License to Kill (1989) brings us to the end of the Cold War and the natural end of Bond’s over-extended career. He can feel it, which is why he goes “off the reservation” on a revenge rampage that strips him of his job and 00 license.

Villain Franz Sanchez’s name is a two-word biography: he’s a shifty sleazo drug lord with a streak of Nazi sadism. He’s from the hilariously-named Republic of Panama Isthmus, right at the not-so-hilarious moment when the US invaded Panama, to oust its quondam CIA tool, Manuel Noriega). Sanchez is a mixture of Noriega and drug kingpin Pablo Escobar, who was then at the height of his power. Escobar had just shot to the top of the US’s public enemy list in 1989 by bombing a passenger plane that had 2 Americans aboard, in a failed attempt to kill anti-gangster Colombian politician Cesar Gaviria Trujillo, so he’s represented as wantonly cruel, vain, and destitute of principles. He wants to smuggle cocaine into Asia, dissolved in gasoline (which is just the sort of wild scheme Escobar would come up with). Bond, who is not typically concerned with Asian welfare, is suddenly made to care by Sanchez’s unnecessarily having Felix Leiter half eaten by a shark, and his wife raped and killed.

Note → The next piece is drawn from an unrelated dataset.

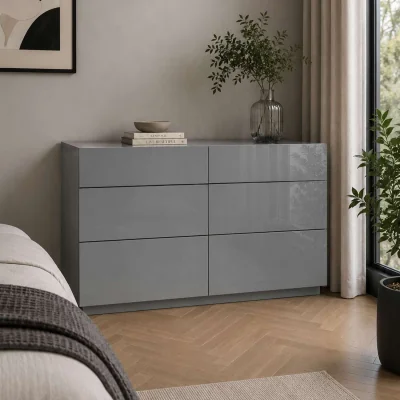 The Range Liberty 6 Drawer Wide Chest of Drawers Grey Glass - Grey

The theme for this whole plot is excess. Sanchez is excessive in maiming Leiter and killing his wife. M thinks Bond is excessive in wanting to take revenge on him, but Bond has discovered revenge is something he actually wants, making this the first time his principled rage gets him thrown out of MI6.
That seems significant to me – the only thing about this film that is significant. Up to now, Bond has been a playful professional. But now something has offended him so much that he cannot square it with his national duties – a motif that will grow ever stronger. Does this mean that national duty is no longer a vital attribute of the Hero? If he’s no longer institutional but individual, no longer obedient but self-motivating and motivated by passions, has he become Romantic? This is also around the time that we the viewers start to be asked to take his relations with women as something more than simple exploitation.

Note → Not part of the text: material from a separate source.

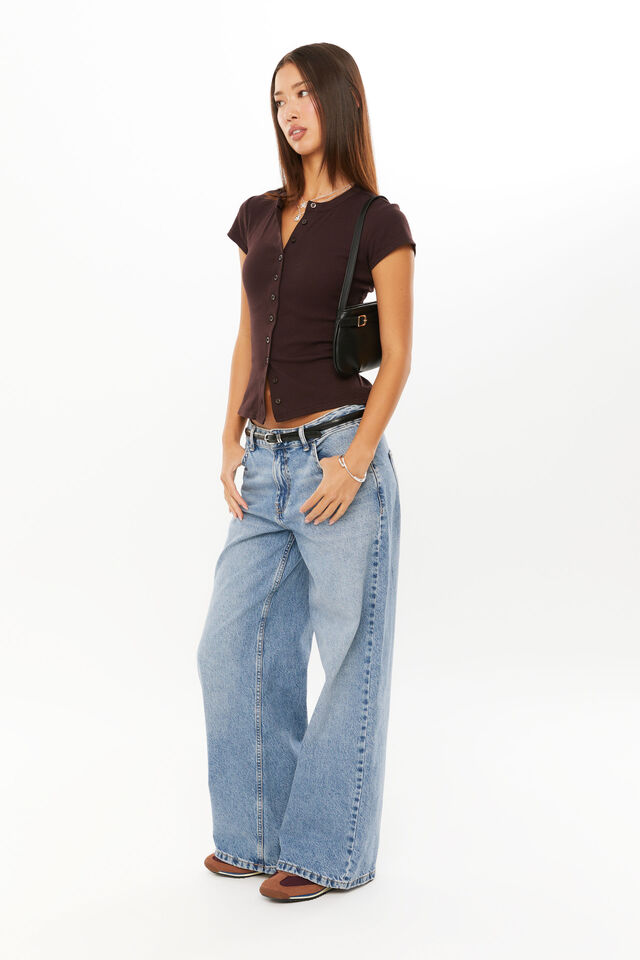 Lexy Rib Button Through Tee, DEEP CHOC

The Drug War lines are drawn more sharply in this film, mirroring the way Bond sank into the Cold War in the 80s, having surfed over it in the 60s. License isn’t concerned with the whole mechanism of the international drug trade, but with thwarting one evil man. It has good guy DEA agents and bad guy drug smugglers, and the action is the personal, bloody end of a war film.

Shooting drug dealers is obviously the main issue of social order in the film, but there are a couple of other interesting motifs, that suggest related ongoing anxieties. Gasoline plays a major role – its the vector for drugs, Sanchez travels with tankers full of it, and it burns him to death at the end. Relatedly, machines repeatedly fail or are sabotaged, leading to messy deaths. It’s tempting to rad all that as a metaphor for the failure of business as usual – the old habits betraying you. And televangelists are mixed up in the drug-smuggling gang, which is probably a reference to the sexual abuse and fraud scandal that toppled Jim and Tammy Faye Bakker teleministry in 1987 but could also be read as a critique of televangelism in general (not uncommon at the time) or even of the corruption of old faiths.

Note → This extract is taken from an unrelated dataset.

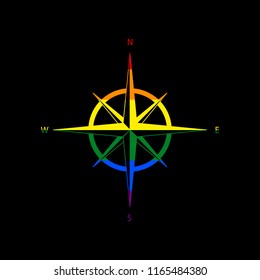 Wind rose sign. Vector. Icon with colors of LGBT flag at black background.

…all of which makes License to Kill the most topical of Bond films to date. Rather than background themes and riffs on the public’s ongoing preoccupations, License has a CNN Breaking News quality that suggests the instability of an era ending. Bond is too busy to do M’s bidding in Istanbul, he has urgent killing to do in central America. It’s a film where long perspective is (maybe rightly) trumped by immediate reaction. It’s a mood I remember well from the late 80s – the invasions of Panama and Grenada were sudden and suddenly over. Wars were endlessly opening on new fronts. Fracture was in the air.